Biggest coaching lessons from being a classroom teacher

At my old job working as a retail associate at The North Face, a coworker once told me: Of the 100% of people who walks through our doors, 80% of people will already be sure if they will buy something or not. It doesn’t matter what you say to them, they have already made up their minds. Our job is to figure out, as quickly as possible, who the other 20% are, and do our best to sway them to buy something.

Now, at my job teaching, I find a similar story. I can expect roughly 10-15% of students who will strive for an A, no matter how poorly I teach the material. I can expect another 45-50% of the class who will somewhat master the content, as long as I try to teach it. That adds up to be about a 60% passing rate for my class, not particularly great. The trick here, as my old colleague pointed out, is to find out as quickly as possible who the 40% are who needs more help, and do my best to help them.
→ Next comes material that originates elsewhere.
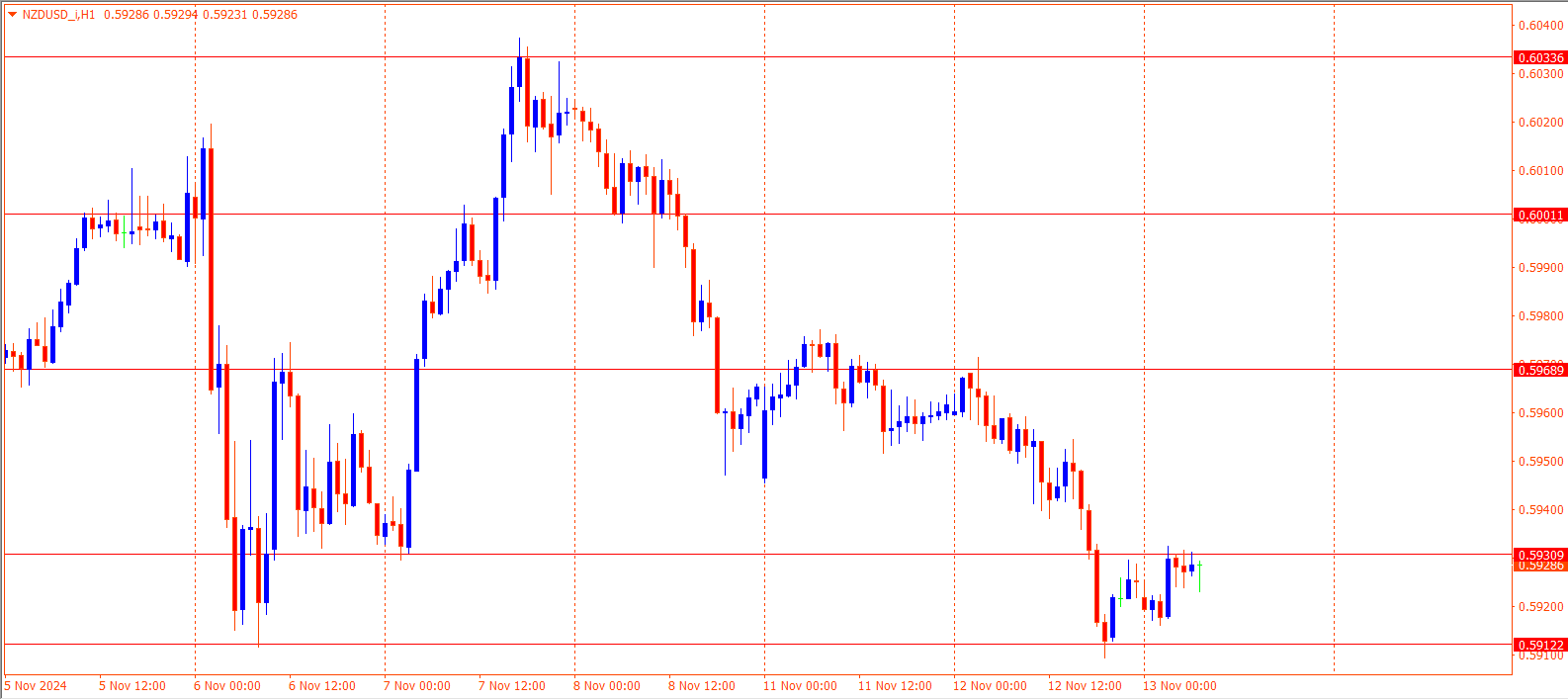 NZDUSD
Figure out as quickly as you can who your program isn’t working for, and find the best ways to support them.

Here are the biggest lessons I’ve learned from teaching that has helped me better understand my job as a coach of a team.

  1. You haven’t taught it until they’ve learned it. Merely teaching or telling someone is not enough. A coach’s job is to support.
  2. Treating everyone the same does not maximize each person’s potential. A coach’s job is to be equitable, not equal.
  3. Even though you have to manage 30+ people at one time, you cannot teach things one way. A coach’s job is to tailor to the people.
  4. Everyone wants to be the best, not everyone believes that they can. You need to hold everyone accountable, whether they want it or not. A coach’s job is to believe.
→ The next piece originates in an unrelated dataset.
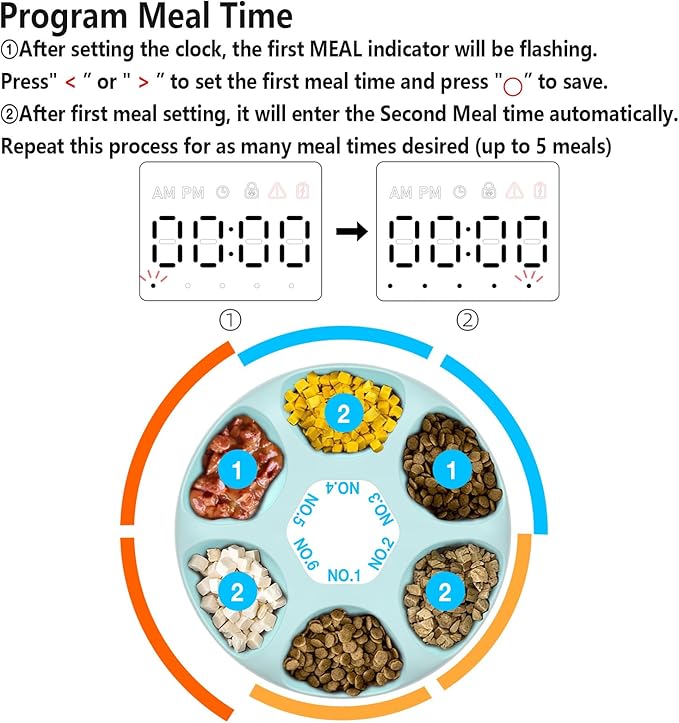 Ownpets 6 Meals Automatic Cat Feeder for Wet/Dry Food 2 Ice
Translating into dragon boat, an effective coaching program:

  1. Has frequent one-on-one time between coach and paddler (at least a few times each practice) that allows for constant dialogue. Paddler and coach both need to know what is working well and what can be improved.
  2. Has multiple points of access for paddlers: full boat instructions, visual demonstrations, analogies, powerpoint lectures, diagrams, videos, etc, etc. Paddlers can and will learn. You just need to find the way.
  3. Structures practice so that each paddler works on what will be most beneficial for him/her. Take into account the different skill levels and needs of your paddlers. For example, if most of the team needs help rotating correctly, it means that there’s a small group that already does. What do you do with the group who needs the technique help, and what do you do with the group that doesn’t? The first challenge is to see that not EVERYONE needed the technique work.
  4. Know your paddlers. Some paddlers might break down in technique after 2 minutes because they are exhausted, while others might break down because they are mindlessly paddling. Know the difference, and hold each person accountable for what you know they can achieve, not what they think they cannot.